Stored data:

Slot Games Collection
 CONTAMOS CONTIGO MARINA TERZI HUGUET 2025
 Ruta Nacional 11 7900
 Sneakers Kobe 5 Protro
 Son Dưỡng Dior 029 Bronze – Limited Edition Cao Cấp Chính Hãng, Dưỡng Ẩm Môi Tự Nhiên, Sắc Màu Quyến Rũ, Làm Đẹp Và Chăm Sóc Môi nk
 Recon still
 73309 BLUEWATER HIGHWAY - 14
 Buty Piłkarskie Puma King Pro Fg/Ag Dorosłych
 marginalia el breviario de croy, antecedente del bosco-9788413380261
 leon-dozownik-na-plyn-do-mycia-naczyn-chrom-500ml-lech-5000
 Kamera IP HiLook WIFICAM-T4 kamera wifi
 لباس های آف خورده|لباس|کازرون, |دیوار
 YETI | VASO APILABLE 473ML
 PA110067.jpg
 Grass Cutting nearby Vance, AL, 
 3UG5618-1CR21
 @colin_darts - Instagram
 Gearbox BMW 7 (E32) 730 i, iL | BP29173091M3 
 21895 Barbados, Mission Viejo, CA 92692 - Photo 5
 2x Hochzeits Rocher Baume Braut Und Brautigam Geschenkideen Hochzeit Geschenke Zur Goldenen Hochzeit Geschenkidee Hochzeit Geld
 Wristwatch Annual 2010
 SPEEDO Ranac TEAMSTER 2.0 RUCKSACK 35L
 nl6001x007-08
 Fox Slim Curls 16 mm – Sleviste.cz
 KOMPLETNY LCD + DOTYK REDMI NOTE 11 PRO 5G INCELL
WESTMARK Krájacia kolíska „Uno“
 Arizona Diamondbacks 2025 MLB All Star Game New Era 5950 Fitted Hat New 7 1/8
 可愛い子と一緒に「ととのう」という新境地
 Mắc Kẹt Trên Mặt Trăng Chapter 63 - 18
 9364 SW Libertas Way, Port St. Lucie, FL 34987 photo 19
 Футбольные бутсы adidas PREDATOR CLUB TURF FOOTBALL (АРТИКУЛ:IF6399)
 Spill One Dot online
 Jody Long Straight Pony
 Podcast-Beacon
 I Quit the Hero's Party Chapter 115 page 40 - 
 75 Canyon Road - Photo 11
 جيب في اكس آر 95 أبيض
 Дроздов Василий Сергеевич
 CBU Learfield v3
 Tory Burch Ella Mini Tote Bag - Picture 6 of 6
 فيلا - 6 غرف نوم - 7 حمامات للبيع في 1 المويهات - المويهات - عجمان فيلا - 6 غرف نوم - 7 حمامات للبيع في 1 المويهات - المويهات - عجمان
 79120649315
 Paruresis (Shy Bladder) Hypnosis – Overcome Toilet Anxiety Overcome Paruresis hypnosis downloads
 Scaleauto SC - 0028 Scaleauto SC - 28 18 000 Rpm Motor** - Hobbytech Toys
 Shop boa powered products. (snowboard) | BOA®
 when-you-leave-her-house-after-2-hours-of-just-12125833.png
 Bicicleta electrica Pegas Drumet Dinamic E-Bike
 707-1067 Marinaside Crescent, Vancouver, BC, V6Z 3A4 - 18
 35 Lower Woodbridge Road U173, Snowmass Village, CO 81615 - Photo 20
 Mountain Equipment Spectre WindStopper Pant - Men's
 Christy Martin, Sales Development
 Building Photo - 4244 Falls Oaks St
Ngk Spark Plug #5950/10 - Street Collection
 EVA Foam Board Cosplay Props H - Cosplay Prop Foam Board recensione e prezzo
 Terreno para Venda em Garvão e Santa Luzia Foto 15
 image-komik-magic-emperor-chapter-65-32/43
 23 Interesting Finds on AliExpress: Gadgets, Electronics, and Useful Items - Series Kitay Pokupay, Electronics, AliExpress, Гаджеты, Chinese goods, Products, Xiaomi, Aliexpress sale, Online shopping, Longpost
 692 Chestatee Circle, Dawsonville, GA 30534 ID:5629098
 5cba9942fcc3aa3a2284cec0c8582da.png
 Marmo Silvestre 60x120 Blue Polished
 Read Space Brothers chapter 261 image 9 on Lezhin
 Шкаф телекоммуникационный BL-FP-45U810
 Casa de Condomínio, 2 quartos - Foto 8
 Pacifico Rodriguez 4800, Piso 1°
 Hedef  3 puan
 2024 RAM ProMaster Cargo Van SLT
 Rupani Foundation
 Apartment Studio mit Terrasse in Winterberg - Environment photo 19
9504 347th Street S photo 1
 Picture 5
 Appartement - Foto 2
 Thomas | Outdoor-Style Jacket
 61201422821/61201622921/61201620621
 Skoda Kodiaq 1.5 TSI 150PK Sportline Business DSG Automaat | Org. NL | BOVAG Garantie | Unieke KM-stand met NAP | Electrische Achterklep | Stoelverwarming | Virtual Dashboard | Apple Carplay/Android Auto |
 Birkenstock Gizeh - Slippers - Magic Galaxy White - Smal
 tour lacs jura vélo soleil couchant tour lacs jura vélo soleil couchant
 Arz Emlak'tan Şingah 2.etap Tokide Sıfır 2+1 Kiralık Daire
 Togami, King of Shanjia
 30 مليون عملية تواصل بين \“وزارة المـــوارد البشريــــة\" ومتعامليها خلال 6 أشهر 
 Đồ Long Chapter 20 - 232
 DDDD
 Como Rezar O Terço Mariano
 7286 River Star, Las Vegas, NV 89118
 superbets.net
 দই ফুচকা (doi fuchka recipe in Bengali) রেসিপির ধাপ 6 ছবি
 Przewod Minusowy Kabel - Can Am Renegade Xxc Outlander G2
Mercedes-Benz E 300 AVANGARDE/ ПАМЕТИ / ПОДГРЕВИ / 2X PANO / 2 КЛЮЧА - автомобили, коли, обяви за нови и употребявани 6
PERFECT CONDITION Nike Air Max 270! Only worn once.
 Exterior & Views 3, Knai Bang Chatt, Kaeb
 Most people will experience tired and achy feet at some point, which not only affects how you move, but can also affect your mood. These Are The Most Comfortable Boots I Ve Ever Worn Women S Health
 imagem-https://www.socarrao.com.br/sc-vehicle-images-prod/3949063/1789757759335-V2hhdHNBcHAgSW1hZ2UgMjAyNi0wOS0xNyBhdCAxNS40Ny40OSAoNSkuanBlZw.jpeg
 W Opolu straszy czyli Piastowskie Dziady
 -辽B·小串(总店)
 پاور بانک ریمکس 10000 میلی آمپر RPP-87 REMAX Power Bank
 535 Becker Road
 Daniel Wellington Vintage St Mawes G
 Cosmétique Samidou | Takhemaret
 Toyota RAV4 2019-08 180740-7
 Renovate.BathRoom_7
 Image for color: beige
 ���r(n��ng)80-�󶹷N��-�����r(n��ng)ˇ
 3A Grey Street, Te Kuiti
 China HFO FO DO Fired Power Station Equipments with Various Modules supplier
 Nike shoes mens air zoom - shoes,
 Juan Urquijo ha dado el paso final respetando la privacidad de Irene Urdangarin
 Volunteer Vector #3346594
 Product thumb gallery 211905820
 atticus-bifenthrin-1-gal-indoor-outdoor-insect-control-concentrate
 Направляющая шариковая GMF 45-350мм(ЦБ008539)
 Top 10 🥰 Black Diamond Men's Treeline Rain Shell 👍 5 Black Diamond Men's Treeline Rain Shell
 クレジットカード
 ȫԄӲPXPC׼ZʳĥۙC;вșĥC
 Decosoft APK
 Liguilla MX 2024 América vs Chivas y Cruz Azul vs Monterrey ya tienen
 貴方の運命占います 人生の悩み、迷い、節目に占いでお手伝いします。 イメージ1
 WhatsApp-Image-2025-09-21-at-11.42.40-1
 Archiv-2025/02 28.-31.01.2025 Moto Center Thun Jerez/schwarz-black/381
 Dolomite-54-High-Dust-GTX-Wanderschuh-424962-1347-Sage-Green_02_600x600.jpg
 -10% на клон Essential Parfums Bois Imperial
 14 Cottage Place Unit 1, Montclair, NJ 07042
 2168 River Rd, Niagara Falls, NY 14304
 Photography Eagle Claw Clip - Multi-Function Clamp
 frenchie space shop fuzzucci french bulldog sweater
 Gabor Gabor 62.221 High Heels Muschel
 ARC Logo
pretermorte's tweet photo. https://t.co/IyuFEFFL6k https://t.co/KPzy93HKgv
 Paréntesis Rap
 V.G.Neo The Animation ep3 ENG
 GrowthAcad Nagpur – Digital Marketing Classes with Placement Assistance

WORK TO BE COMPLETED ▸
Give only a number, namely how many lines in the entries above hold the word "Picture".

SOLUTION BELOW ▸
2